Così lontani, ma nemmeno poi tanto (tra Saint-Jean-sur-Richelieu, Quebéc, e Lousville, Kentucky, ci sono 1.500 chilometri, poco più che tra Milano e Palermo), così vicini (17 gennaio 1942 l'americano, 18 gennaio 1950 il canadese). Gilles Villeneuve e Muhammad Alì in comune non hanno quasi niente. Il destino li ha avvicinati di un solo piccolo giorno sul calendario, pur a 8 anni di distanza. Uno ha vinto tutto, l’altro “solo” sei gare. Uno è sopravvissuto a se stesso andando oltre il suo tempo imbruttendosi al tramonto del suo cammino, l’altro se n’è andato verso la leggenda lasciando al figlio il piacere dell’iride.

 

Perché insieme? Per un volo.

 

Alì, ma al tempo era ancora Cassius, ricevette dal suo allenatore la notizia della convocazione per le Olimpiadi di Roma 1960. “Bene! Quando parte il treno per Roma?”, chiese il ragazzino senza prendere in considerazione l’ipotesi di consentire ad altri di portarlo in cielo. Chiarite meglio le sue nozioni sulla geografia, Cassius pretese di viaggiare con addosso un paracadute, sicuro che l’uccello d’acciaio si sarebbe inabissato nelle acque atlantiche. E siccome a 18 anni non aveva ancora baciato una ragazza chiese di poter viaggiare accanto a una donna. Prima del, per lui, inevitabile schianto le avrebbe strappato un bacio appassionato per morire con il cuore in pace. Gilles invece i voli li adorava. Naturalmente non da passeggero. Quando incontrò per la prima volta Enzo Ferrari ottenne la sua benedizione a Fiorano nonostante una serie inenarrabile di testa-coda e uscite di pista appena messo piede nella vettura che Lauda aveva abbandonato da Campione del Mondo a due gare dalla fine (1977). Sicuri che il Vecchio lo avrebbe rispedito in Canada a pedate i meccanici di Maranello ricevettero invece ordine perentorio di sistemare il sedile per le misure (minute) del piccoletto e di spedire l’accessorio in Canada, dove la domenica successiva si sarebbe svolto il GP. “Lo porto io”, disse Gilles che proprio in Canada sarebbe tornato (casa sua).
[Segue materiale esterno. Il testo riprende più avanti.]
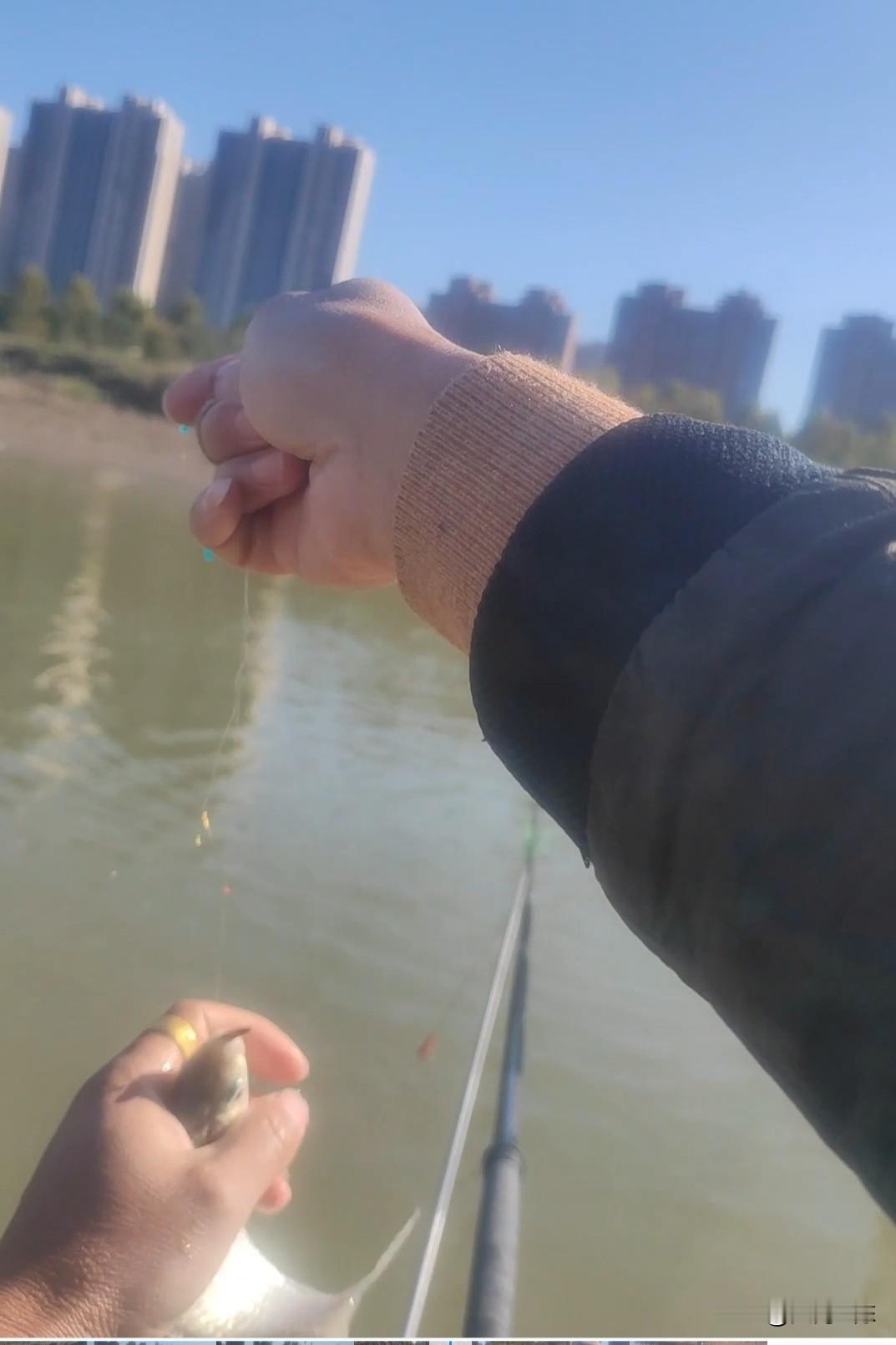 动态诱鱼其实比气味诱鱼更科学，效果更好。首先气味诱鱼的效率其实很低，因为气味在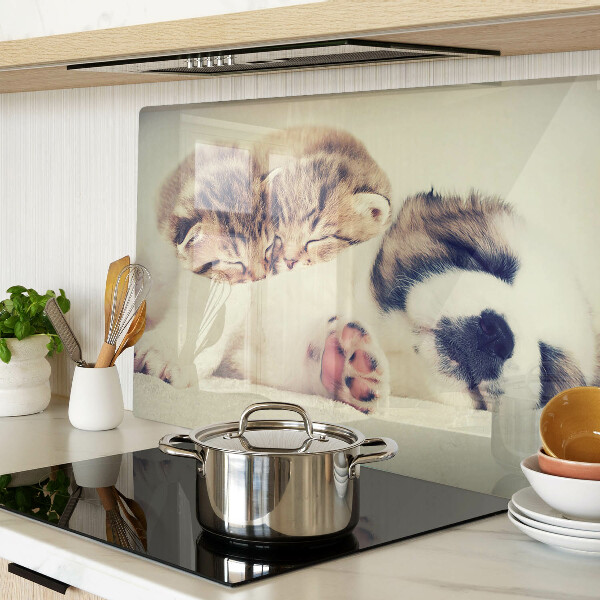 Schneidebrett Glas mit Motiv von schlafenden Katzen und einem Hund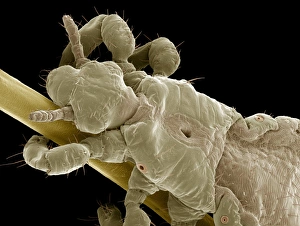 Prints of Head louse. Coloured scanning electron micrograph (SEM) of a head louse (Pediculus humanus capitis) clinging to a human hair. Head lice measure 2-3 millimetres in length Images Dated 2009 May: Print of Head Louse SEM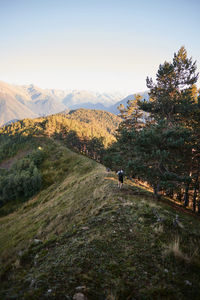 Rear view of man walking on landscape against sky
Si presentò al gate dell’aeroporto abbracciando il sedile e alle legittime rimostranze degli impiegati dell’Alitalia (“prego, ce lo dia e lo mettiamo nella stiva con le valigie”) oppose un secco rifiuto. “Questo viaggia con me, se me lo rompete non posso guidare la Ferrari domenica nel Gran Premio”, disse senza prendere in considerazione una risposta negativa. Febbrili consultazioni, immancabili telefonate a Maranello (Gilles non era esattamente popolare al tempo e il lei-non-sa-chi-sono-io non gli era venuto in mente) e alla fine il via libera.

 

Viaggiò abbracciato al suo sedile, così come Cassius fece con il suo paracadute.